Masyarakat Peduli Keterwakilan Perempuan demo di Bawaslu, Senin (28/5/2023) minta revisi PKPU 30 persen caleg perempuan. (Foto: Antara/Reno)
KBR, Jakarta - Eka Ernawati mesti bersiap dengan apapun hasil pemilu legislatif 2024. Ia khawatir jika jumlah perempuan yang lolos ke DPR berkurang. Artinya, makin berat peluang meloloskan produk undang-undang yang berpihak pada perempuan.
“Jelas sekali terasa perbedaannya antara aleg perempuan dan laki-laki. Laki-laki hanya satu dua lah yang perspektifnya baik, (yang) punya perspektif korban juga hanya satu dua. Selebihnya saya rasa dunia mereka masih patriarkis,” ujar Eka.
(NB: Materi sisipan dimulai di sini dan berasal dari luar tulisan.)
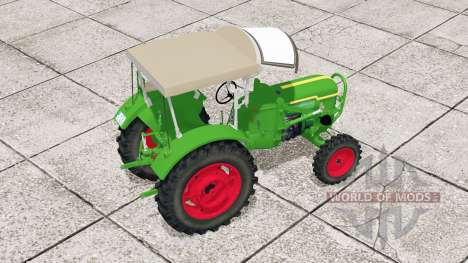 Deutz D 40S〡small, robust tractor для Farming Simulator 2017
Eka adalah aktivis Koalisi Perempuan Indonesia (KPI), LSM yang sudah puluhan tahun memperjuangkan kesetaraan gender. Sejumlah regulasi pro kepentingan perempuan berhasil mereka advokasi. Salah satunya Undang-Undang Tindak Pidana Kekerasan Seksual (UU TPKS) yang diketok pada 2022, setelah diperjuangkan selama 10 tahun.
Eka teribat dalam proses lobi UU TPKS. Tak dipungkirinya lebih mudah meyakinkan anggota dewan perempuan ketimbang laki-laki.
“Setidaknya kita bisa menyampaikan ke mereka, bagaimana misalnya mereka mengembalikan ke diri sendiri, apabila merasakan apa yang terjadi. Istilahnya pendekatannya masih lebih baik lah ketimbang terhadap laki-laki,” tutur Eka.
Pengalaman serupa dialami Lilis Listyowati, Direktur Eksekutif Kalyanamitra. Sejak 2004, Lilis aktif mengadvokasi sejumlah undang-undang berperspektif perempuan.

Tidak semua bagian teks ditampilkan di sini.